[tahoe-dev] TBFS: The Tar-Baby Filesystem [was: RFC: So, what *shall* we do about st_birthtime, anyway?]

Tom Christiansen tchrist at perl.com
Fri Feb 27 19:39:28 PST 2009


PREFACE:

  *Please* consider this email public and freely redistributable.
  You should probably please do so to any and all concerned parties.

  I *REALLY* wonder what Kirk (or Linus; or Margo; or Ouster; or Ken or
  Dennis or Rob Pike) would say about all this?  My dim guess is that
  Ken&Rob or Linus might be the most sensitive to it, for historical
  reasons.  I'd dig into the Proceedings from the long years of the
  filesystem wars, but I don't know that the following troubles were yet
  raised then and there.  Jeff may recall better than I, as he was once
  pretty heavily involved in at least a couple of the areas of the dread
  problems facing you that I herebelow sketch some pieces of.

SUMMARY:

  We should discuss this all at some length and probably in person, but if
  you respond briefly with some of your tenets, goals, and requirements,
  after having given due consideration to the many matters I raise, I'll
  try to provide brief demonstration cases to illuminate where the holes
  are.  But these depend on concerns you now seem to be unaware of.

  In short: I'm afraid I'm about to pop your blissful-ignorance
  cherry-bubble.  Do please forgive me, and may Amber console you! :-)

On Fri, 27 Feb 2009 13:27:29 MST you wrote:

>>> Heh heh heh.  Coincidentally, we've been wrestling with both
>>> file timestamps [1] and character encodings [2] on the tahoe-
>>> dev list in the last couple of weeks.  :-)

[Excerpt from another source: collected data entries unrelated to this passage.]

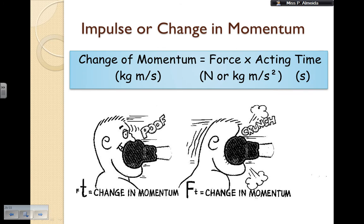Now, for me to have the same change in momentum — the same number for impulse — I can have it two ways. I either have a small force and a large acting time, as the first picture is showing, or I can have a small acting time and therefore a big force. And this is what we think about with car safety. The change of momentum is going to be the same, because you are going to have the accident, so you have a certain change in momentum.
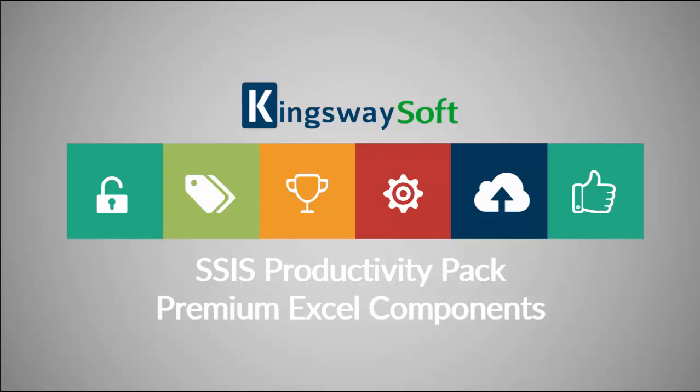Thank you for watching this video from Kingswaysoft. Today, I will be introducing the Premium Excel components from within the SSIS Productivity Pack product.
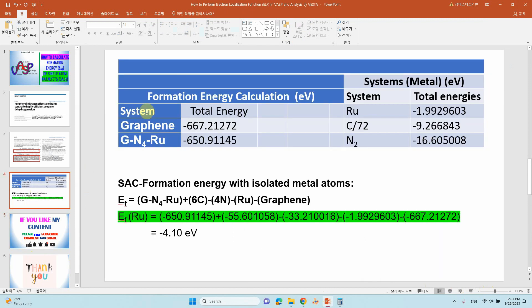Likewise, you can calculate the formation energy for your own system — whether single atom, dual atom, or multiple atom — for materials like molybdenum disulfide, tungsten selenide, or any other system.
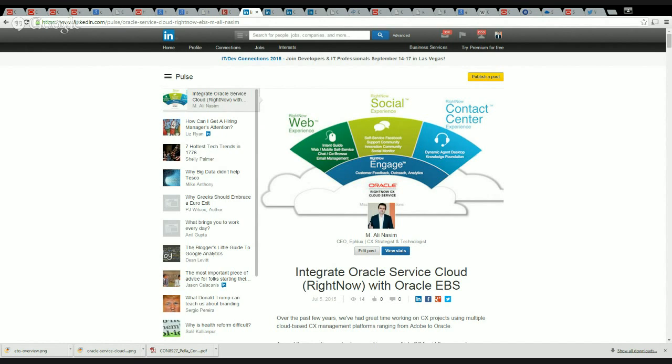Hi, hello and welcome to this short webcast. Today what we're going to discuss is how do you integrate Oracle Service Cloud, which was previously known as RightNow CX, to Oracle's main ERP which is E-Business Suite or EBS for short.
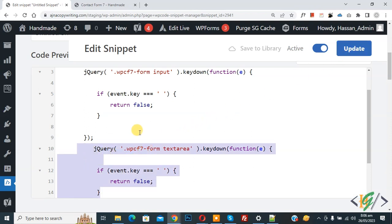Now you see both input and textarea code to disable space. So I hope you like this video. Please like, comment, share, subscribe. Thank you for watching.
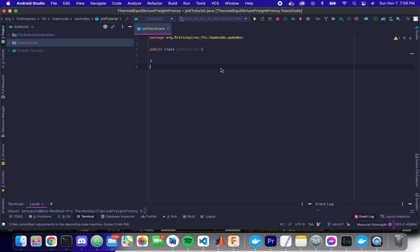Hello, this is Ben Kant from 19376 Thermal Equilibrium, and this is a tutorial on how to accomplish PID control in FTC.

    [1] http://allmydata.org/pipermail/tahoe-dev/2009-February/001194.html
    [2] http://allmydata.org/pipermail/tahoe-dev/2009-February/001343.html

>> I begin to think you can't escape another metadata tag for the
>> filename itself, which is just totally hosed.

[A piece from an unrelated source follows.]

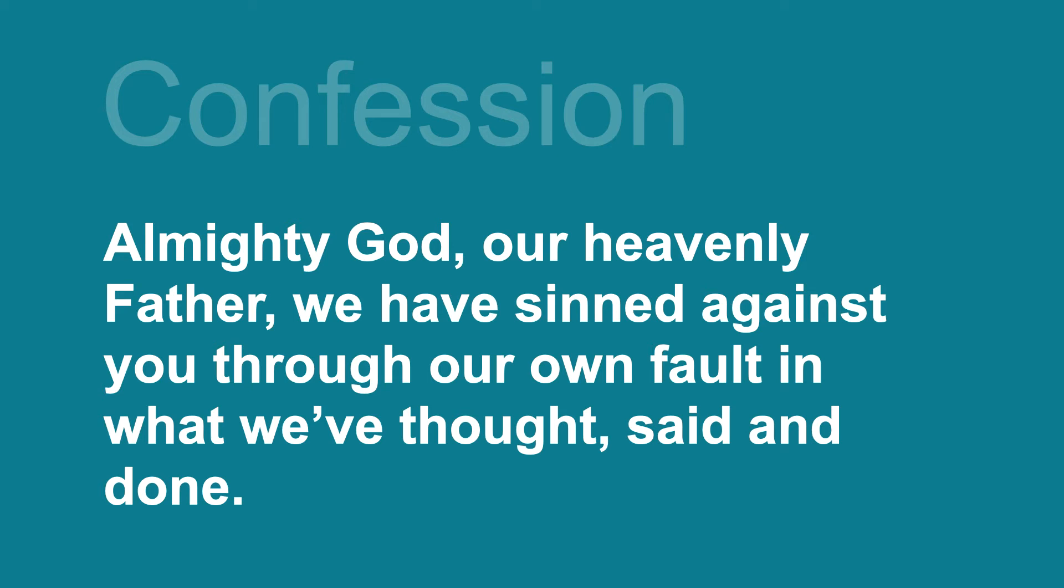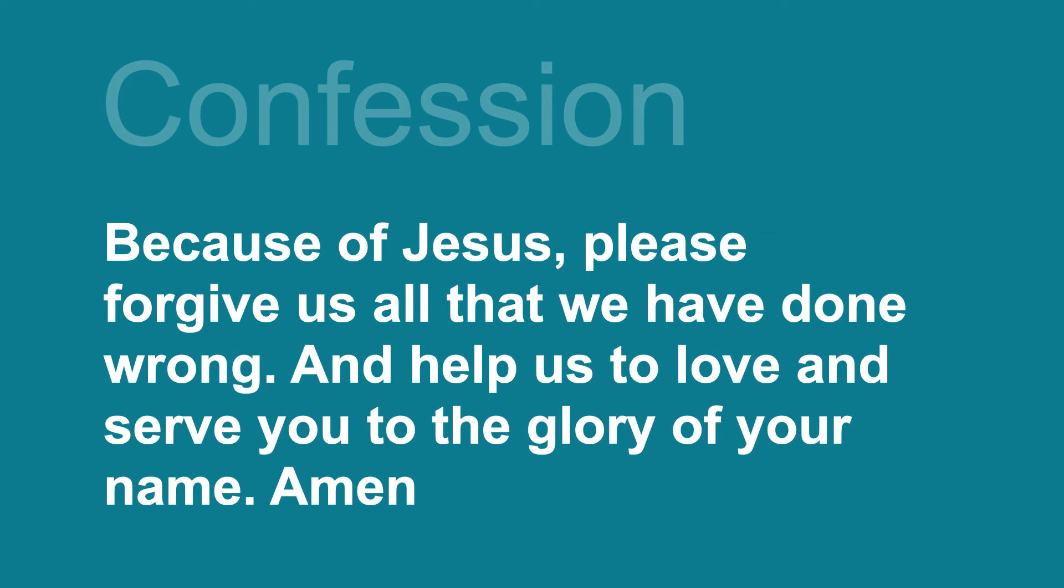Almighty God, our Heavenly Father, we have sinned against you through our own fault in what we've thought, said and done. Because of Jesus, please forgive us all that we have done wrong, and help us to love and serve you to the glory of your name. Amen.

> I don't understand this sentence.  I've just made a proposal for how
> to handle these things in the tahoe tool, linked in my previous
> mail.  Hopefully you can infer enough of the context.

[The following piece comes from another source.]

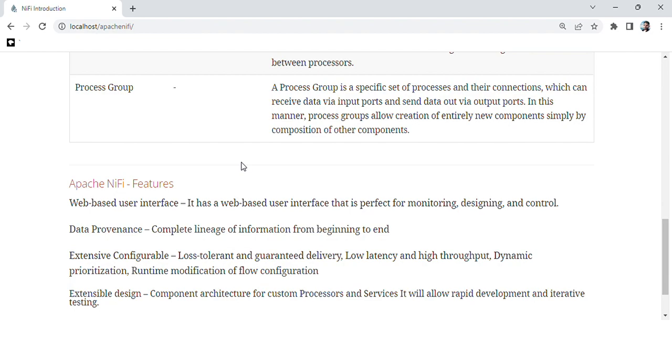Next, the key features of Apache NiFi. Web-based user interface: It has a web-based user interface that is perfect for monitoring, designing, and control.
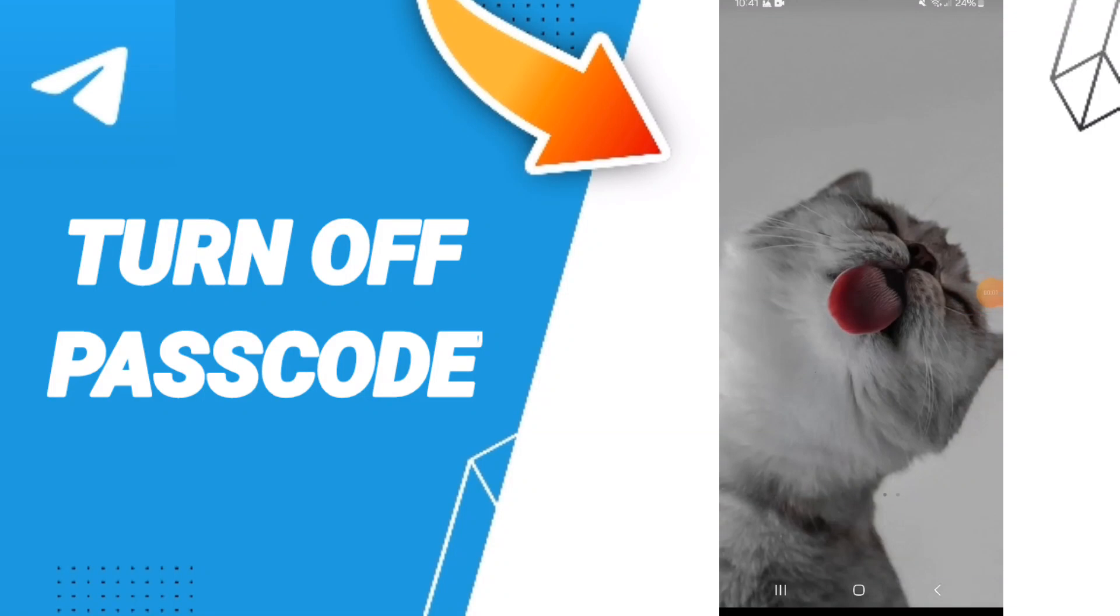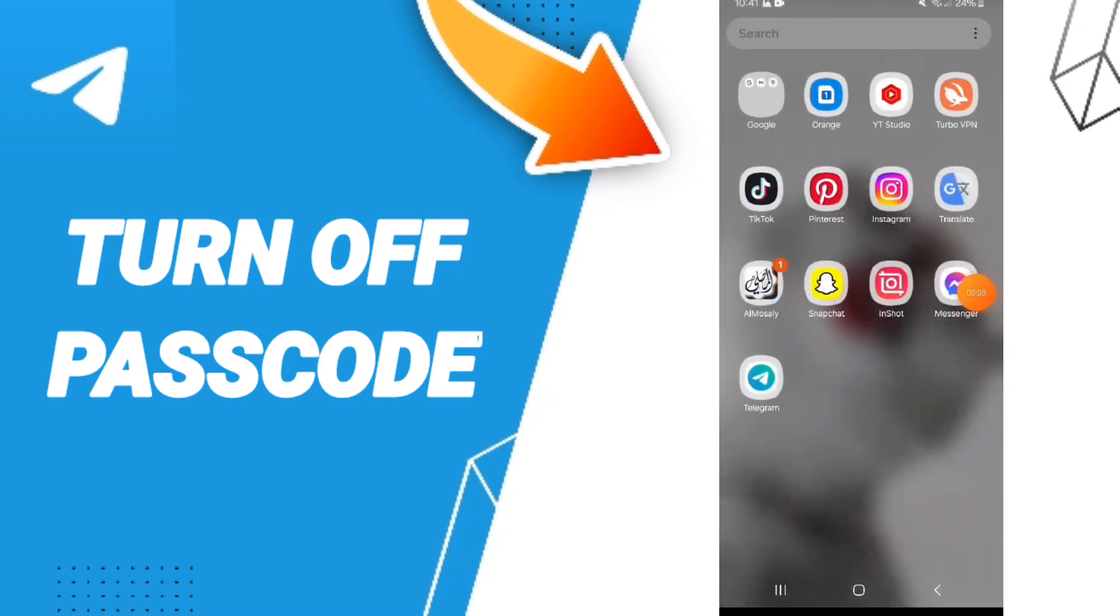Hello everyone, today we will talk about how to turn off passcode lock on the Telegram application.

>   http://allmydata.org/pipermail/tahoe-dev/2009-February/001343.html

Ok, I read it.  Twice or thrice.

Dear Bryce, I am sorry to say that what you there propose for your
filesystem to me appears woefully far from sufficient for the matter.
While this may be because I am speaking from limited or incomplete
knowledge, which I am, I assure you I mean no offence whatsoever.

I had *thought* we'd discussed these matters before in person,
but perhaps not.  I guess maybe it was Jeff Haemer I went through
all this with, not with you.  Or maybe it was Todd.  ENOMEM.

While I do agree that UTF-8 encoding is a *start* of a solution,
I cringe, stricken with horror at the notion of a Latin1 fallback.
It can only exacerbate a problem you cannot escape, of which I
shall begin to outline just a wee bit further below.

Plus, we've had some pretty rough times with Perl's own Unicode design,
development, and implementation: many stemming from that sort of tactic.
And so alas I speak not from a position of pure theory here, but with
experience's scars yet unfaded.

The compass of your designs will depend on just *which* of many problems,
some interconnected, others not, which you're trying or hoping to solve:

  --> Kernel treatment vs userland treatment, and any necessary or
      desired interactions between these two.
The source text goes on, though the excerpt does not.